James Franco’s first big break was in Sam Raimi’s Spider-Man as Peter Parker’s best friend Harry Osborn. It was after that that he really started to carve a corner for himself in the national psyche. And in the years after that he started to build that corner up.
He did movies like Tristan + Isolde, Annapolis and In the Valley of Elah. At the time, he really was known more for his looks than his abilities as an actor. He was a sex symbol. This all started to change in 2008.
2008 was a shifting year for Franco. He went ahead and played Saul in stoner comedy Pineapple Express, which took his sex symbol status and turned it on its head. For much of the movie he played a stoner drug dealer that wore the same dirty pajamas every day. He had scraggly long hair and really just went for it. He even earned a Golden Globe nomination for the role.

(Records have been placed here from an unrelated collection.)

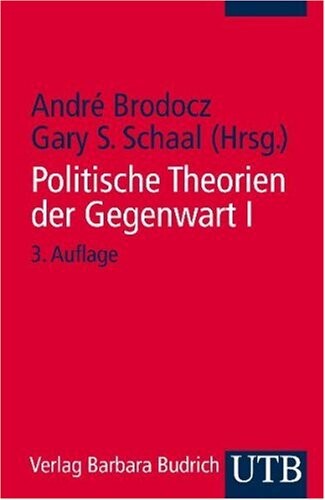 Politische Theorien der Gegenwart I : eine Einführung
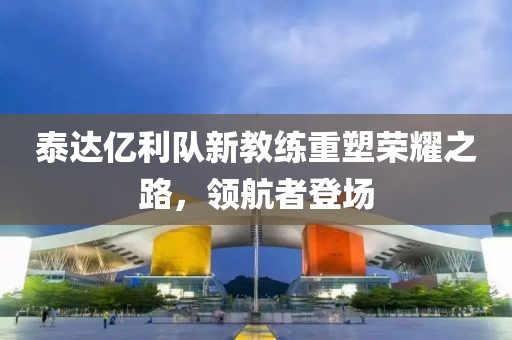 泰達(dá)億利隊(duì)新教練重塑榮耀之路，領(lǐng)航者登場(chǎng)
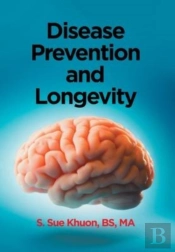 Disease Prevention And Longevity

In the same year he played Scott Smith in Gus Van Sant’s Milk. Franco played Harvey Milk’s (Sean Penn) boyfriend in the film. A boyfriend that was tired of the political life. He turned in a great performance here and even earned some award recognition for it.
Suddenly Franco was getting some respect as an actor. He wasn’t just a sex symbol anymore. Part of this coincides with the fact that in 2006 he was unhappy with the direction his career was taking so he went back to school (UCLA, and then later Columbia and NYU) to learn and “get grounded,” as he put it.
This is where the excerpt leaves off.